How to load url data into Neptune?

I am trying to load a small dataset into Neptune and it seems to always error. I tried g.io("<file path>"). with(IO.reader, IO.graphson). read().iterate() And it says "detailedMessage": "Failed to interpret Gremlin query: Query parsing failed at line 3, character position at 9, error message : token recognition error at: 'IO'", So I tried without the IO "detailedMessage": "Failed to interpret Gremlin query: IO request has to be a URL", I tried to url manually and it downloads and works, so I know it is visible to Neptune, but I cannot get it to load.
Solution:
To add to what Kelvin is saying, Neptune can only access other instances that are within the same VPC. It cannot reach the Internet. If you need for it to access a public-facing URL, then you'll need to deploy a NAT gateway within the same VPC as Neptune and supply the proper routing within the VPC to allow Neptune to reach the Internet.
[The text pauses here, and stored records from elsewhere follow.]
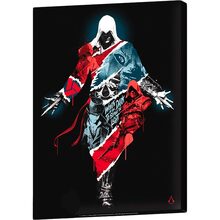 Картина ABYstyle Assassin's Creed 30 x 40 см (ABYDCO461)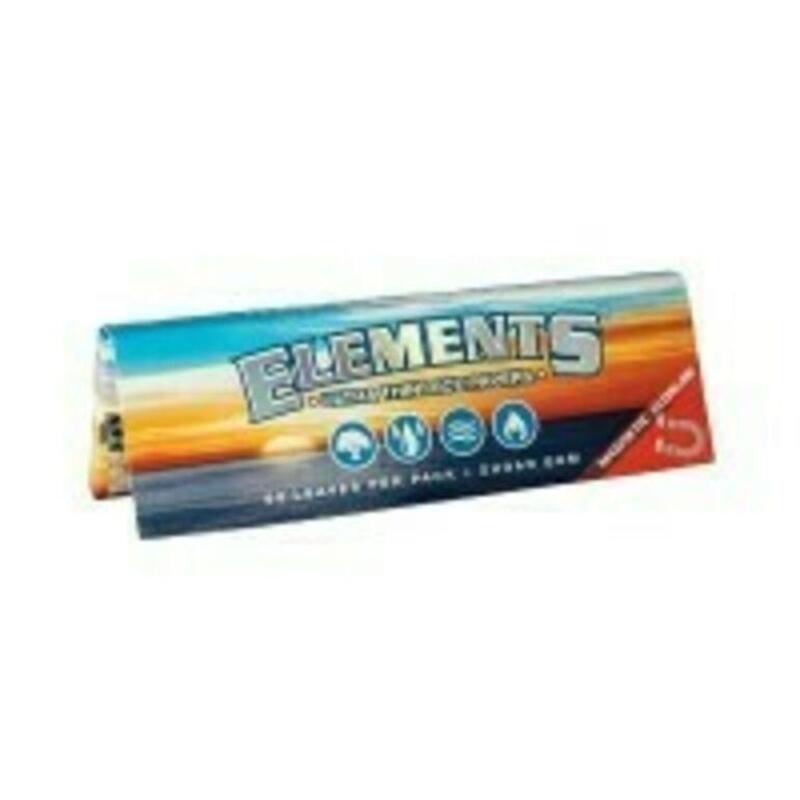 Rolling Papers 1-1/4”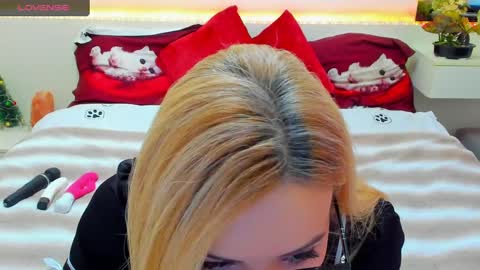 VerraSweet4u online show from January 18, 5:52 am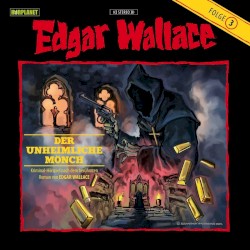 Der unheimliche Mönch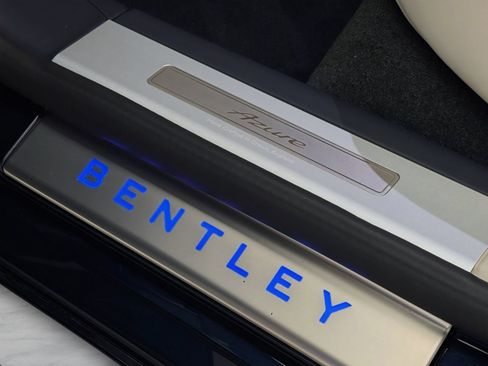 New 2026 Bentley Flying Spur Azure AWD/4WD image 24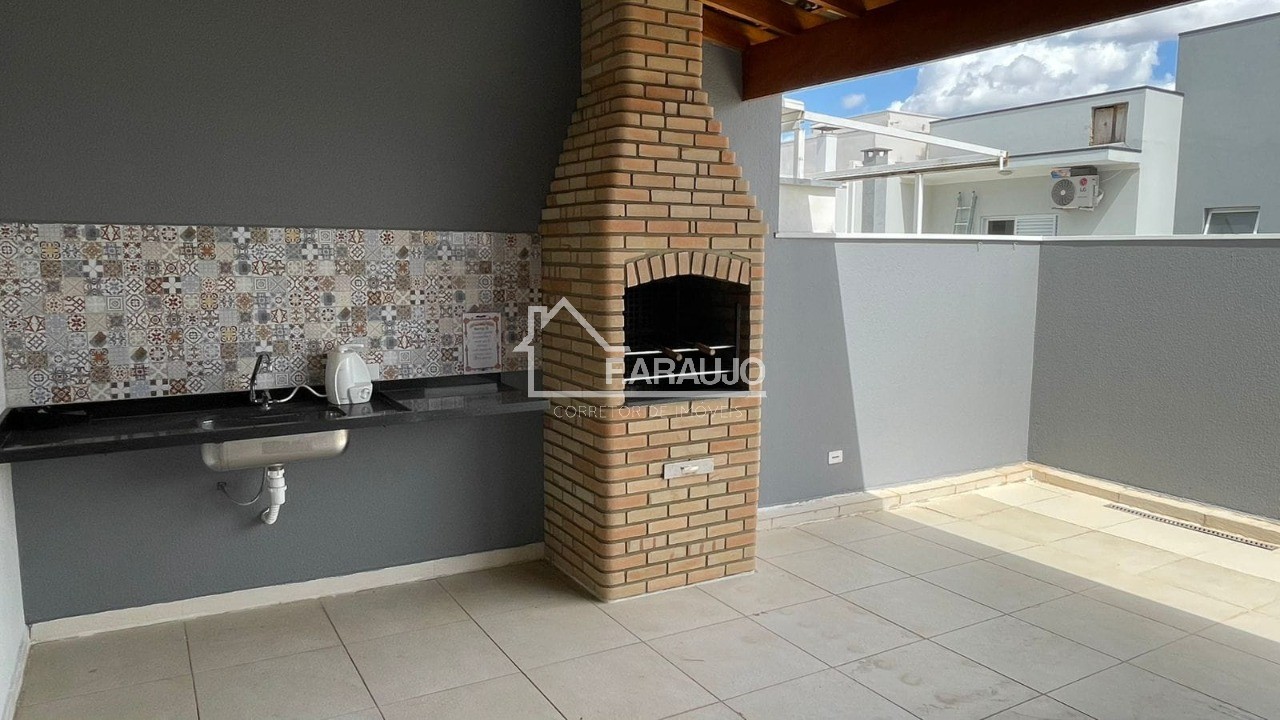 Casa de Condomínio, 3 quartos - Foto 12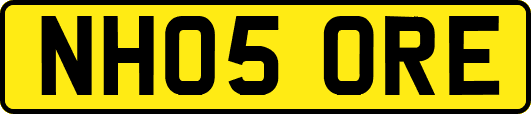 NH05ORE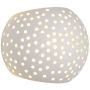 Lucide GIPSY 35203/13/31 Stena svietidlo 1x40w/g9 ip20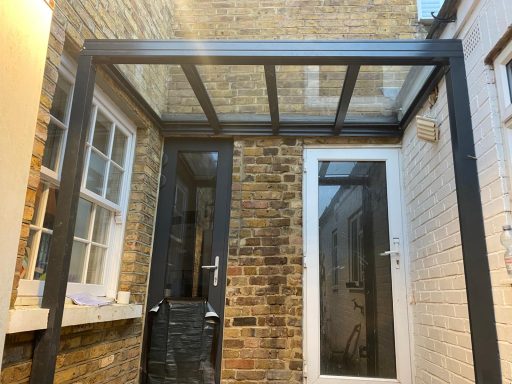 Smart New front Entrance Smart front Entrance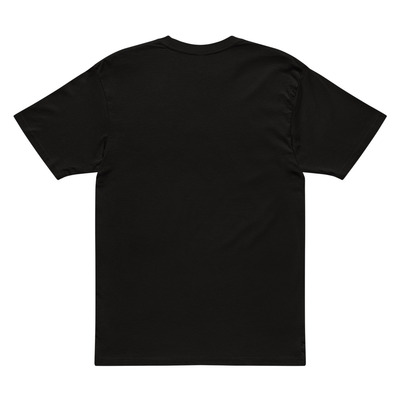 Peace cotton heritage mc1082 i men's premium short sleeve tee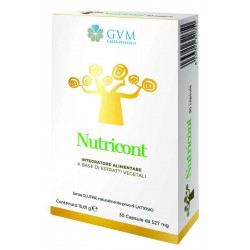 Longlife Formula Nutricont...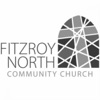 Fitzroy North Church artwork
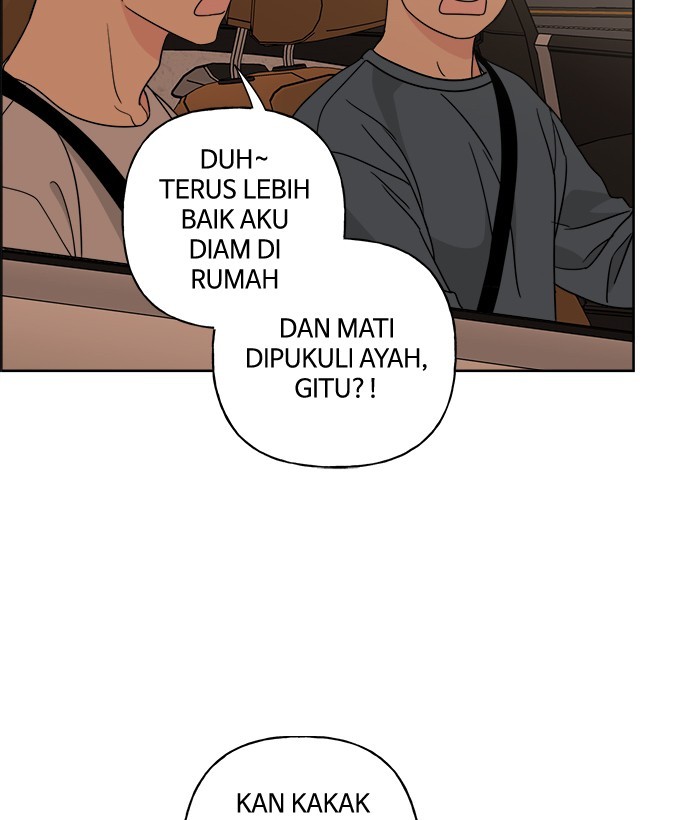 Mother, I’m Sorry Chapter 47 Gambar 21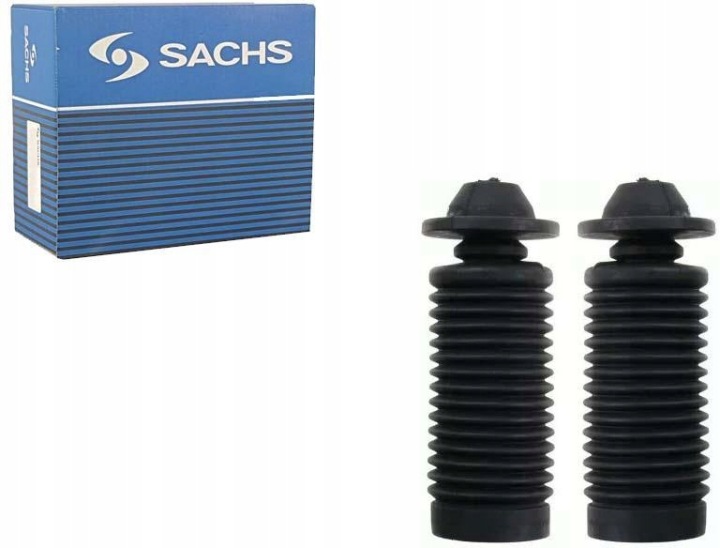 KIT AMORTISSEUR /SACHS/ 900074 SACHS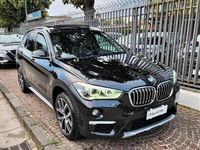 usata BMW X1 XDRIVE 20D 190CV M SPORT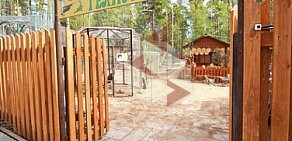 Загородный SPA-отель Гелиос в Курортном районе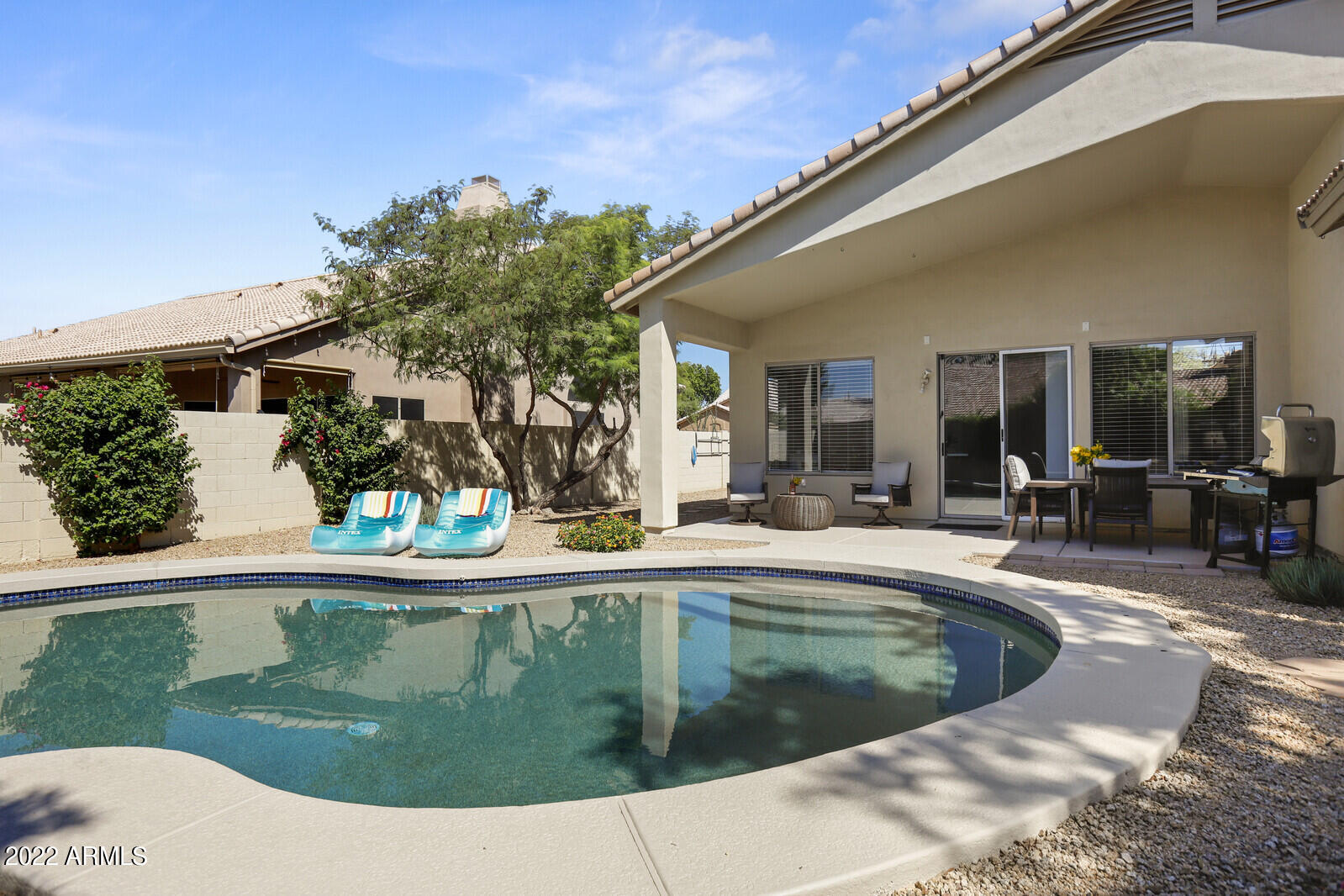 7435 East Rustling Pass Scottsdale, AZ 85255 - Photo 5 of 63 Heated Pool!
This blog discusses it for the purpose of SPARQL Federated Queries being able to reach public SPARQL endpoints: https://aws.amazon.com/blogs/database/benefitting-from-sparql-1-1-federated-queries-with-amazon-neptune/ The concept also holds true from Gremlin io() queries that need to access a public URL....
4 Replies
Lyndon
Lyndon15mo ago
I am working in Jupyter Notebooks
kelvinl2816
kelvinl281615mo ago
The file needs to be reachable from Neptune. So either an HTTP server that Neptune can reach or a pre-signed S3 URL to a file in S3. The pre-signed S3 approach is pretty simple to get working. Either way, it must be an HTTPS connection.
Solution
triggan
triggan15mo ago
To add to what Kelvin is saying, Neptune can only access other instances that are within the same VPC. It cannot reach the Internet. If you need for it to access a public-facing URL, then you'll need to deploy a NAT gateway within the same VPC as Neptune and supply the proper routing within the VPC to allow Neptune to reach the Internet. This blog discusses it for the purpose of SPARQL Federated Queries being able to reach public SPARQL endpoints: https://aws.amazon.com/blogs/database/benefitting-from-sparql-1-1-federated-queries-with-amazon-neptune/ The concept also holds true from Gremlin io() queries that need to access a public URL.
Amazon Web Services
Benefitting from SPARQL 1.1 Federated Queries with Amazon Neptune |...
In this post, I show you how to use SPARQL 1.1 Federated Query in Neptune to get data about soccer teams in the UK from an external dataset, DBpedia (a well-known public dataset of Wikipedia data). Using the DBpedia publicly accessible SPARQL endpoint, I link the data from DBpedia to data that I add to the Neptune cluster.
Lyndon
Lyndon15mo ago
Ah I see, that makes sense, thanks both